TikTok says it removed 4.02 million videos and interrupted 86,000+ LIVE sessions in Nigeria in Q4 2025, mostly caught by automated detection.
TikTok Nigeria removed 4.02 million videos and interrupted more than 86,000 LIVE sessions in Q4 2025. The company says most of the takedowns happened before users reported the content.
TikTok Nigeria published new figures in its Q4 2025 Community Guidelines Enforcement Report. The report says the platform took down 4.02 million videos in Nigeria during the quarter.
TikTok says 99.9% of the removed videos were detected proactively. That means TikTok’s systems flagged them before any user report. It also said 98.4% were removed within 24 hours of being posted.
On live video, TikTok interrupted more than 86,000 live rooms in Nigeria for breaching its rules. A live room is a real-time broadcast where creators interact with viewers, similar to live radio with comments.
The report also points to global enforcement activity. TikTok said it removed 175.3 million videos worldwide in Q4 2025, which it estimates is about 0.5% of all uploads. It said more than 152.5 million removals were driven by automated detection, and about 8.4 million videos were reinstated after review.
TikTok also highlighted a stronger push against misleading AI-generated content. It said it requires creators to label realistic AI-generated media and uses tools like Content Credentials (a kind of digital “nutrition label” for media provenance) to spot synthetic content.
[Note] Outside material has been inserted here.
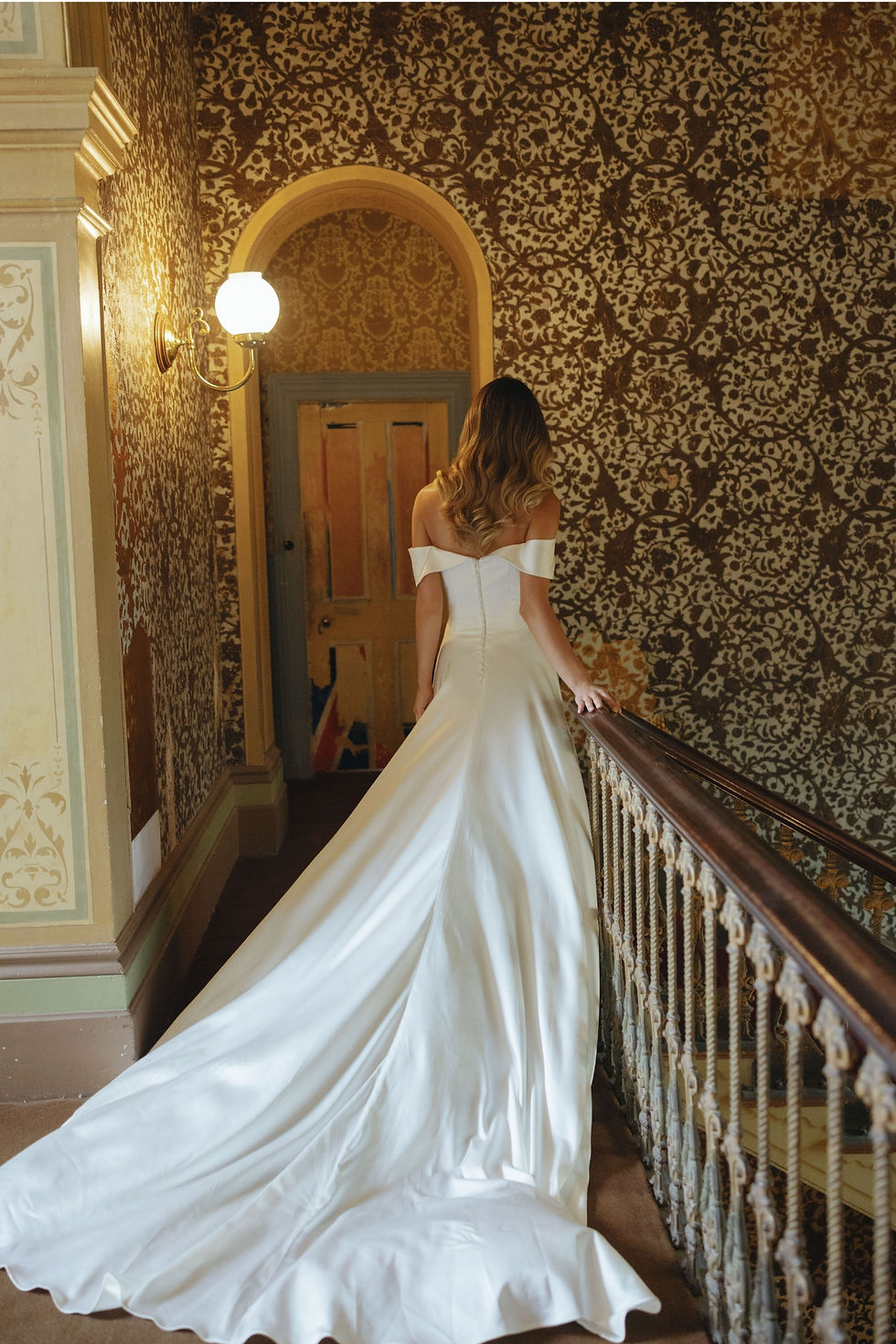 Thumbnail: marilyn jessica couture satin off the shoulder bridal studio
TikTok said these efforts contributed to the labelling of more than 1.3 billion AI-generated videos globally during the quarter.
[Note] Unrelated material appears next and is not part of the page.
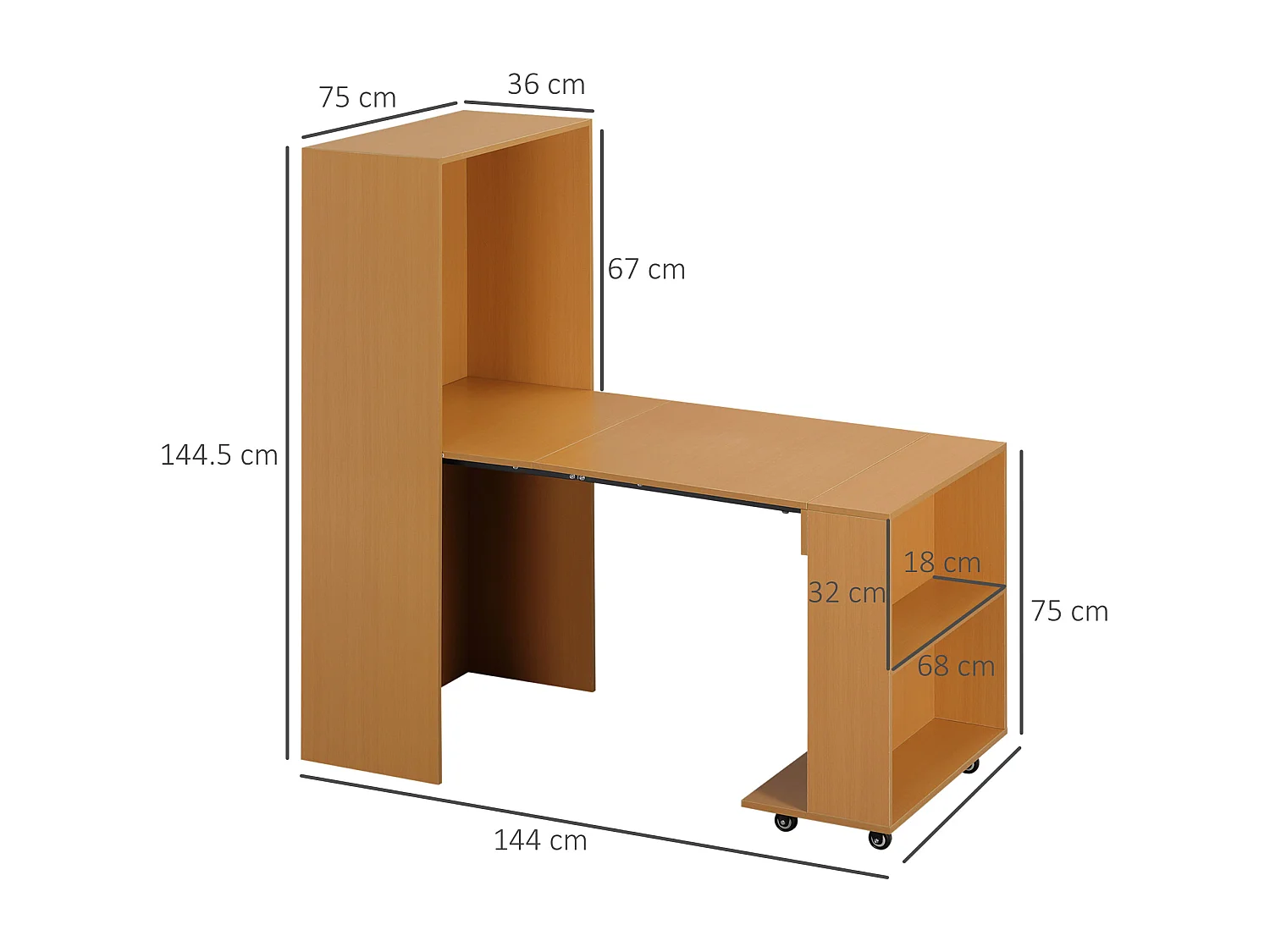 Tavolo pieghevole da pranzo in truciolato e acciaio 3 persone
Nigeria is one of TikTok’s fastest-growing markets in Africa, and content moderation affects creators, brands, and media buyers. Higher enforcement can reduce scams and harmful content, but it can also increase the risk of false positives, where legitimate content is removed and later reinstated.
For creators who earn from livestream gifts and brand deals, LIVE interruptions can quickly cut revenue. TikTok’s focus on automated moderation suggests more decisions will be made by machines first, with humans handling appeals and edge cases.
The company also said it will keep working with Nigerian government agencies, including the Office of the National Security Adviser, and with civil society groups. That signals more local scrutiny around safety, misinformation, and AI content as the creator economy grows.